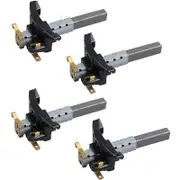 4Pcs Vacuum Cleaner Electric Motor Carbon Brushes Accessories Durable Household Cleaning Tool Part black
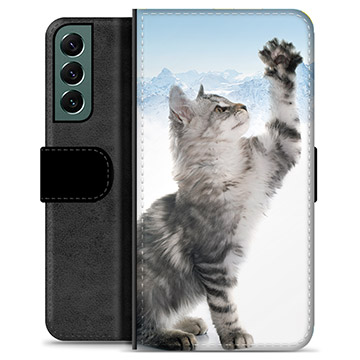 Funda Cartera Premium para Samsung Galaxy S22+ 5G - Gato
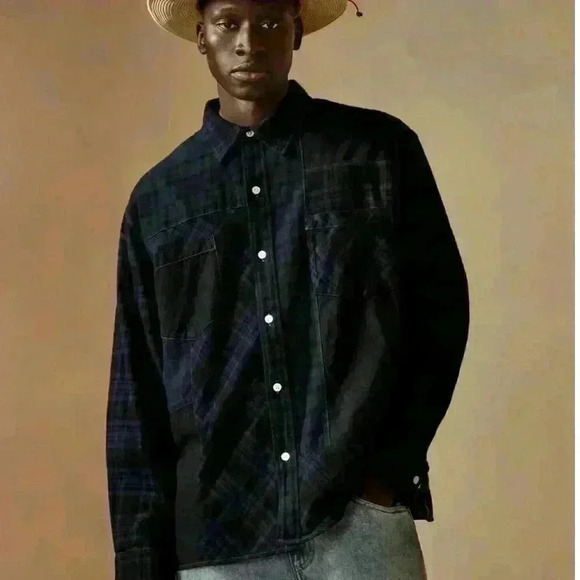 Kith Patchwork Berkeley Buttondown Shirt - Picture 4 of 5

**What you will do**
Go through the material above and retype every line exactly, without the images.

**Written solution**
 4Pcs Vacuum Cleaner Electric Motor Carbon Brushes Accessories Durable Household Cleaning Tool Part black
 Funda Cartera Premium para Samsung Galaxy S22+ 5G - Gato
 Kith Patchwork Berkeley Buttondown Shirt - Picture 4 of 5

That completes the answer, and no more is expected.